**Information shown:**
- - - - - - -
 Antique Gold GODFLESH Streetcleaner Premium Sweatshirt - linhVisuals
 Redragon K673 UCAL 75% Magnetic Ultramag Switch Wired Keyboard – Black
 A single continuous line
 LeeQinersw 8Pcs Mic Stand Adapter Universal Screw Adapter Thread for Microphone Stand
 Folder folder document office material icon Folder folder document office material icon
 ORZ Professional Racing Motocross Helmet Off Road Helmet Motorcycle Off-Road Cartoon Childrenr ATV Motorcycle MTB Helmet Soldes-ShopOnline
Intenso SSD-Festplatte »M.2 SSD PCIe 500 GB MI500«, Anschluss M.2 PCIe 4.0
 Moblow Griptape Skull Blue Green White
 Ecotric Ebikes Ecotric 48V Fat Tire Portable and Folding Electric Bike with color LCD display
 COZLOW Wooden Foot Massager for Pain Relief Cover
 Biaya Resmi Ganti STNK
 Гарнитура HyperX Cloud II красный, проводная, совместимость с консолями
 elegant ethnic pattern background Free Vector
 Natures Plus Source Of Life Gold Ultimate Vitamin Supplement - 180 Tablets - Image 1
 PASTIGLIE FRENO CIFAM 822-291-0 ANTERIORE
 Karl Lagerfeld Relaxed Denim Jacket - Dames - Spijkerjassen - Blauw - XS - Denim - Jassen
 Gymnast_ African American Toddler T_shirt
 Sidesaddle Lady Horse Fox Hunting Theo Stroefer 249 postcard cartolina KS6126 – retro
- - - - - - -
**Goal of the exercise:** Your task is to restate, word for word, each line from the one that includes "Gymnast_ African American Toddler T_shirt" to the end of the records, with both ends included and nothing else.

**Reply:**
 Gymnast_ African American Toddler T_shirt
 Sidesaddle Lady Horse Fox Hunting Theo Stroefer 249 postcard cartolina KS6126 – retro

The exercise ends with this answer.